Stored records:
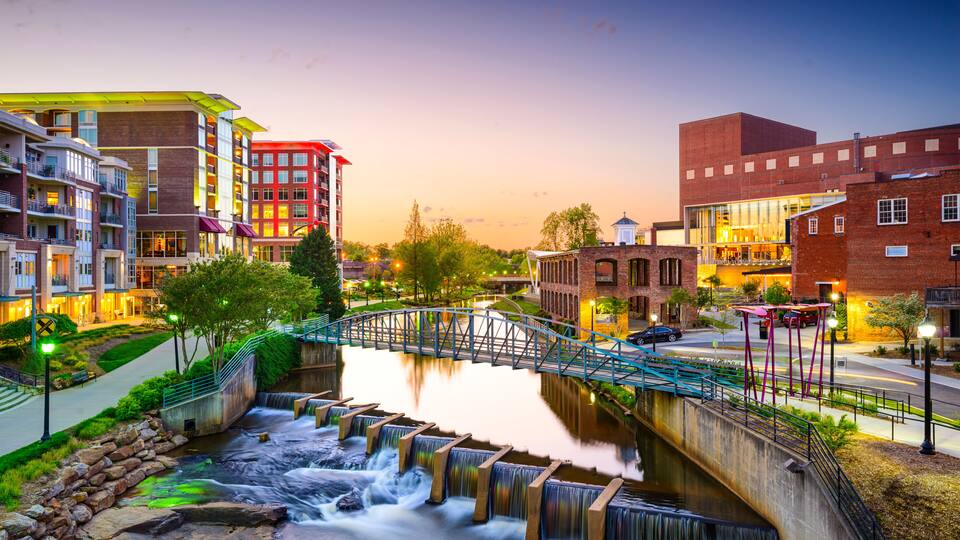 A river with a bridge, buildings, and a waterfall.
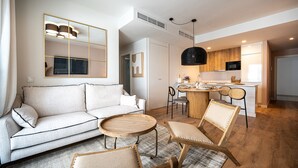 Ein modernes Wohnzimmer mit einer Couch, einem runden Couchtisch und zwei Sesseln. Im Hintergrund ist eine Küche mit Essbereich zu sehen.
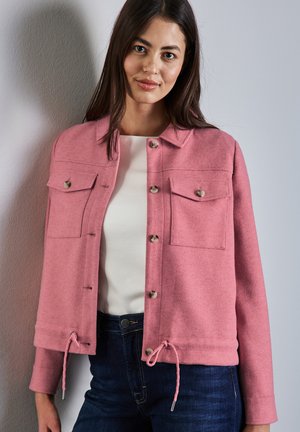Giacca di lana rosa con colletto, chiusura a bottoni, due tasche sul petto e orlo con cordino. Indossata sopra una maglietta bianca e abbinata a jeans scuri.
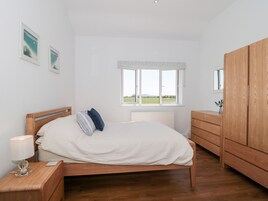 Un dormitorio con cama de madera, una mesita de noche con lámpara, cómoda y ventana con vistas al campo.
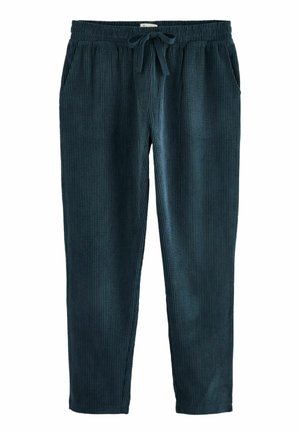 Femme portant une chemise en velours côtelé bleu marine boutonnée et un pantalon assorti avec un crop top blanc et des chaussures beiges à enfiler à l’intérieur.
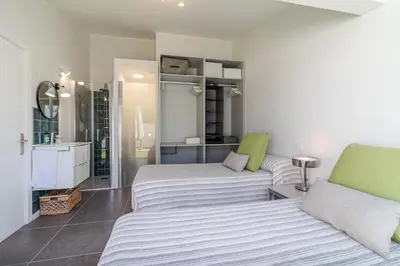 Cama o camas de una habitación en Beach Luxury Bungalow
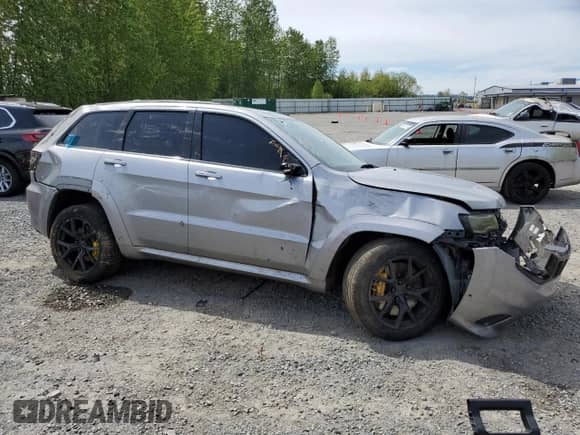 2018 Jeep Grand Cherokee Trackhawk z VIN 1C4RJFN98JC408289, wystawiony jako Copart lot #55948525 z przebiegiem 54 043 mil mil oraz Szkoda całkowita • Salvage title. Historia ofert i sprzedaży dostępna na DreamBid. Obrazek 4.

* _ASSIGNMENT_
All lines from the one bearing "Ein modernes Wohnzimmer" through the last line of the records, and only those, should be duplicated exactly; no picture belongs in the copy.

* _RESPONSE BELOW_
 Ein modernes Wohnzimmer mit einer Couch, einem runden Couchtisch und zwei Sesseln. Im Hintergrund ist eine Küche mit Essbereich zu sehen.
Giacca di lana rosa con colletto, chiusura a bottoni, due tasche sul petto e orlo con cordino. Indossata sopra una maglietta bianca e abbinata a jeans scuri.
 Un dormitorio con cama de madera, una mesita de noche con lámpara, cómoda y ventana con vistas al campo.
 Femme portant une chemise en velours côtelé bleu marine boutonnée et un pantalon assorti avec un crop top blanc et des chaussures beiges à enfiler à l’intérieur.
 Cama o camas de una habitación en Beach Luxury Bungalow
 2018 Jeep Grand Cherokee Trackhawk z VIN 1C4RJFN98JC408289, wystawiony jako Copart lot #55948525 z przebiegiem 54 043 mil mil oraz Szkoda całkowita • Salvage title. Historia ofert i sprzedaży dostępna na DreamBid. Obrazek 4.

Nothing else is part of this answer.